(WORK INSTRUCTION)
No picture belongs in the answer, which must hold exactly the lines from the one with "1963 Callaway, VA" through the final line below.

[SOURCE DATA — start]

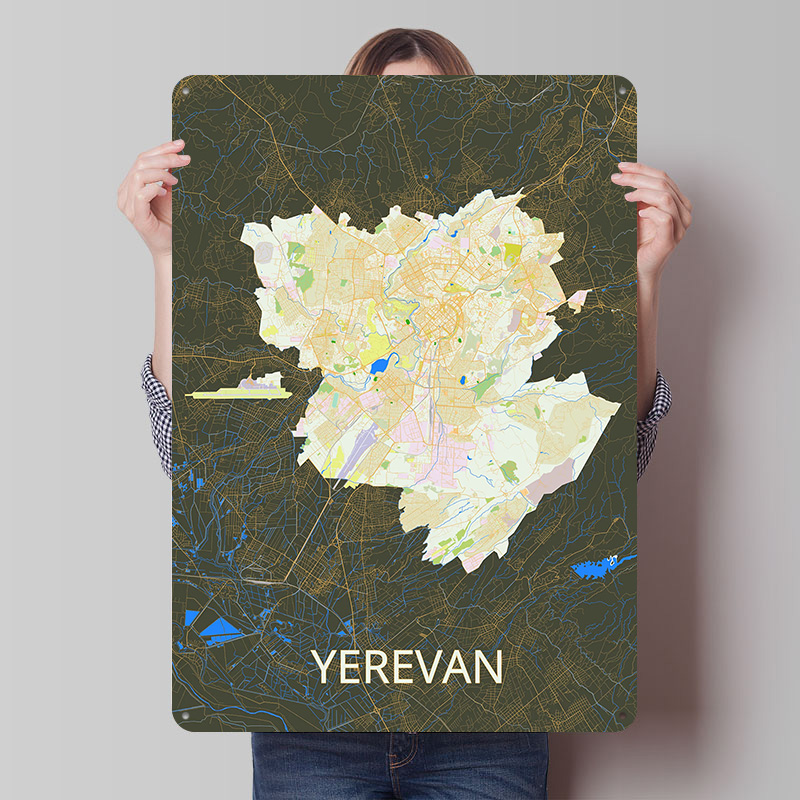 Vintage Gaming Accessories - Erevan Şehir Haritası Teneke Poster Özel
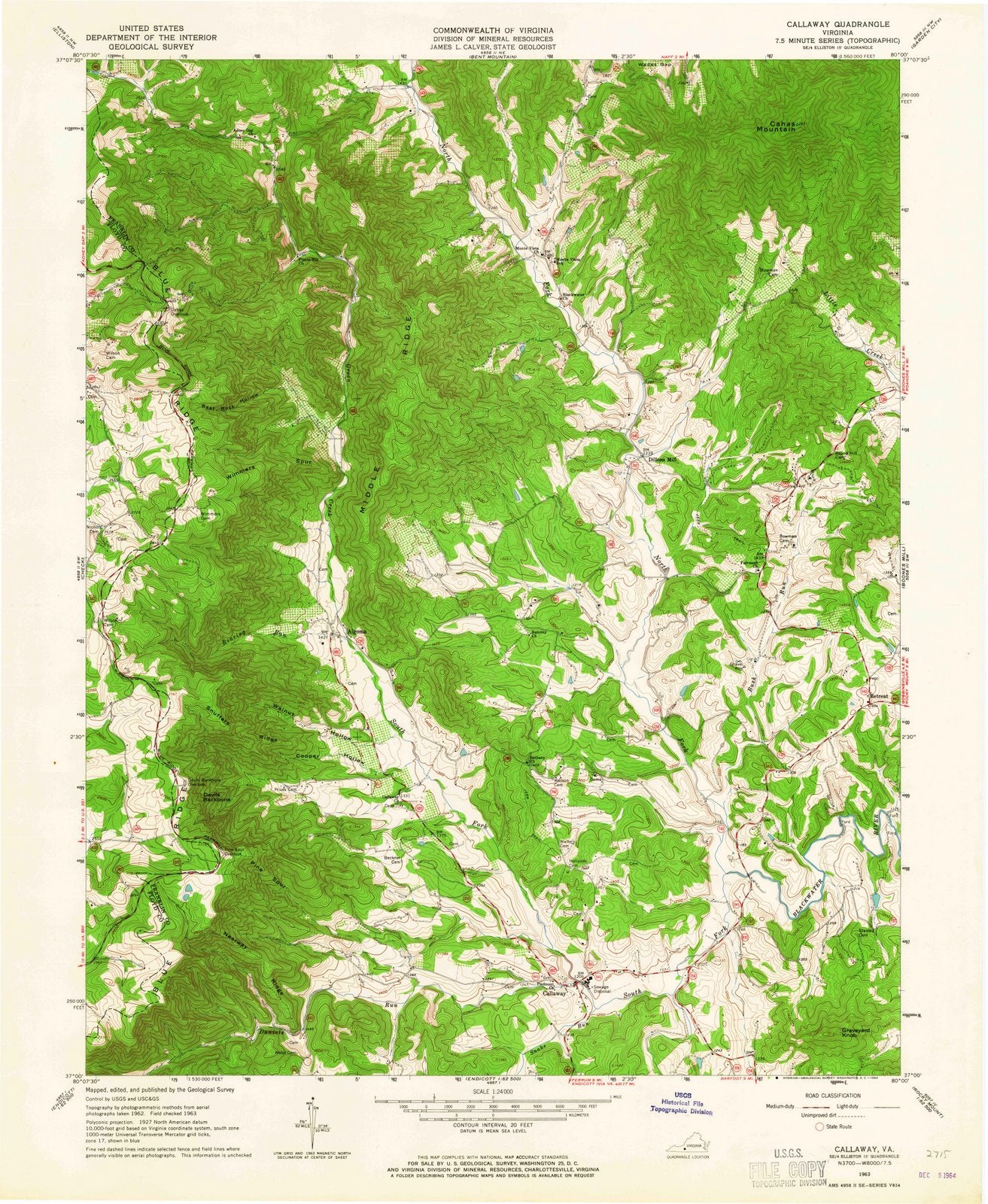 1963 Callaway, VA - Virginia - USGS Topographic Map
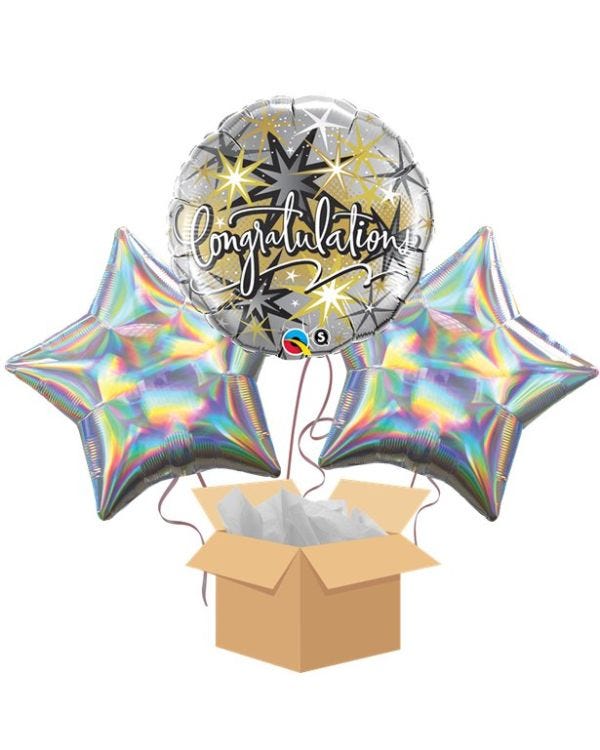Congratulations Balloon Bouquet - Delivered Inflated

[SOURCE DATA — finish]

(EXERCISE RESULT)
 1963 Callaway, VA - Virginia - USGS Topographic Map
Congratulations Balloon Bouquet - Delivered Inflated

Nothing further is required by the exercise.